Heparin is an anti-clotting medication that prevents blood clots from forming, and thrombocytopenia refers to decreased number of thrombocytes, or platelets, in the blood. However, the body sometimes does not take kindly to attempts to thin the blood and the immune system will kick in, creating antibodies which actually increase deadly clots which can travel to veins or the brain.
In March, German and Norwegian scientists also said they believed the jab was causing a rare autoimmune reaction and suggested it could be treated with blood thinning medication.
Sir Munir Pirmohamed, the chairman of the Commission on Human Medicines, said: “It’s really important to understand the mechanisms, because it might provide us with ways of being able to prevent this in future. You would be able to refine the advice that’s given so you could identify risk factors in those individuals.
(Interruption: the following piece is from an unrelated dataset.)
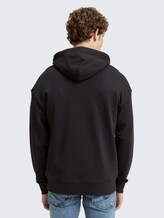 Relaxed Fit Hoodie Sweatshirt mit Print - Night Watch Black - Auschnitt Model-Rückansicht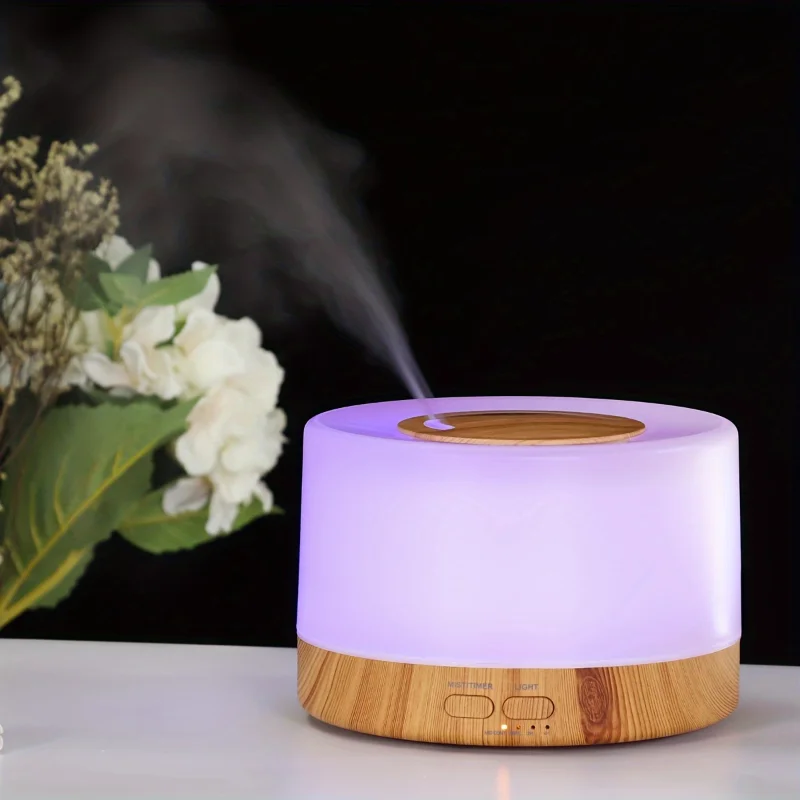 Essential Oil Diffuser 500ML Cool Mist Air Humidifier With USB-C Power Cord 4 Timers 7 LED Color Changing Lights For Small Room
“We might think about modifying the vaccines so they do not produce this in the future.”
The clotting events were not picked up in trials because they are so rare. The most common side-effects of the vaccines have included tenderness, swelling and redness at the injection site, headache or muscle ache, joint pain, chills, nausea, vomiting, feeling tired and fever.
Trials have consisted of tens of thousands of people – but the chance of a clotting event is so low that there would need to be hundreds of thousands of people enrolled to catch just one dangerous clot.
Prof Jonathan Van-Tam, the deputy chief medical officer, warned that other vaccines could show similar side effects once rolled out.